How to waste computer memory?

Jussi Piitulainen jussi.piitulainen at helsinki.fi
Fri Mar 18 14:22:59 EDT 2016


Steven D'Aprano writes:

> And I don't understand this meme that indexing strings is not
> important.  Have people never (say) taken a slice of a string, or a
> look-ahead, or something similar?
>
> i = mystring.find(":")
> next_char = mystring[i+1]

The point is that O(1) indexing and slicing *can be done* in UTF-8! Once
you've found the byte index of that ':', the next index can be computed
locally.

Here's a UTF-8 string in Julia, with some 2-byte characters. Indexing is
by byte (1-based).

julia> s = "Heinäpaalin kierittäminen turvaköyttä pitkin on ältsin vaikeeta.";

The index of the 'ö' is found in O(n) time, same as you find the ":" in
Python:

julia> search(s, 'ö')
35

There are methods for finding the next valid index, in O(1) time:

julia> nextind(s, 35)
37

julia> next(s, 35)
('ö',37)

The character at a known index is found in O(1) time:

julia> s[37]
'y'

The index of the previous character is found in O(1) time:

julia> prevind(s, 35)
34

The index of the first space after the 'ö' is again found in O(n) time,
just like it would be in Python:

julia> search(s, ' ', 35)
42

The index of the character preceding that space is found in O(1) time;
this one is a two-byte character, so it's not the byte at 41 but at 40:

julia> prevind(s, 42)
40

And slicing involves no search:

julia> s[34:40]
"köyttä"

> # Strip the first and last chars from a string 
> mystring[1:-1]

julia> s[nextind(s, start(s)):prevind(s, endof(s))]
"einäpaalin kierittäminen turvaköyttä pitkin on ältsin vaikeeta"

That's a bit wordy but there's no O(n) search involved.

(I may not know the simplest way to do this in Julia. Or the above may
be the simplest way out of the box. Not sure. And not too worried.)

> But I think that for a programming language which may be dealing with
> strings of multiple tens of megabytes in size, I'm skeptical that
> UTF-8 doesn't cause a performance hit for at least some operations.

Possibly. I've never had an unstructured string of such size. Who works
with such?

I am processing hundreds of such text files right now. Thousands. Why
would anyone know the millionth character in any of them? It's just not
meaningful. The meaningful questions involve positions that are already
somehow identified.

>>> It's not the only drawback, either.

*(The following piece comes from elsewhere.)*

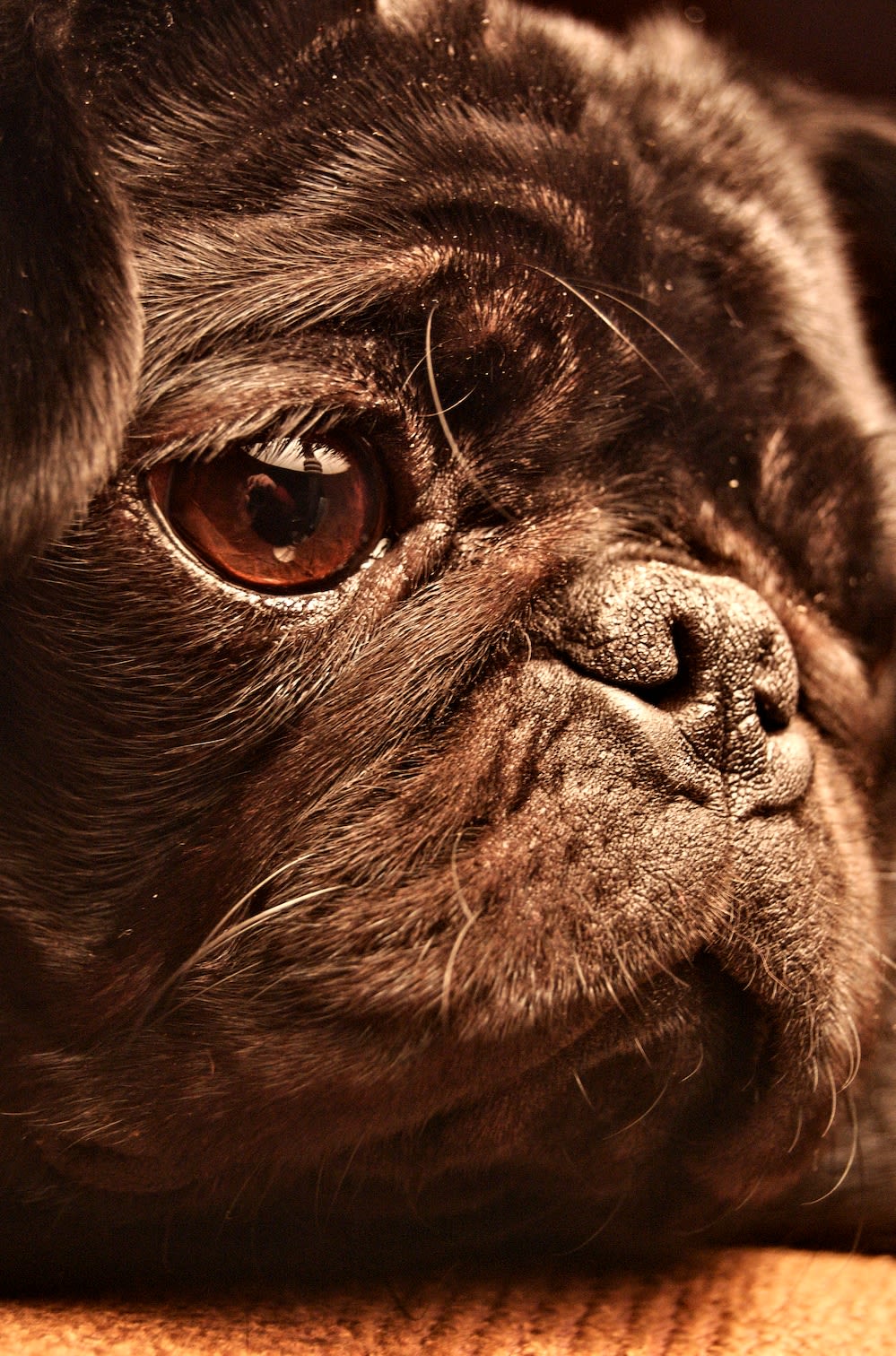Pepper the Black Pug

If you want to know anything
>>> about the characters in the string that you're looking at, you need
>>> to know their codepoints.
>> 
>> Nonsense. That depends on what you want to know about it. You can
>> extract a single character from a string, as a string, without
>> knowing anything about it except what range the first byte is in. You
>> can use this string directly as an index to a hash table containing
>> information such as unicode properties, names, etc.
>
> I don't understand your comment. If I give you the index of the
> character, how do you know where its first byte is? With UTF-8,
> character i can be anywhere between byte i and 4*i.

If you give me the byte index, then the character is at that index.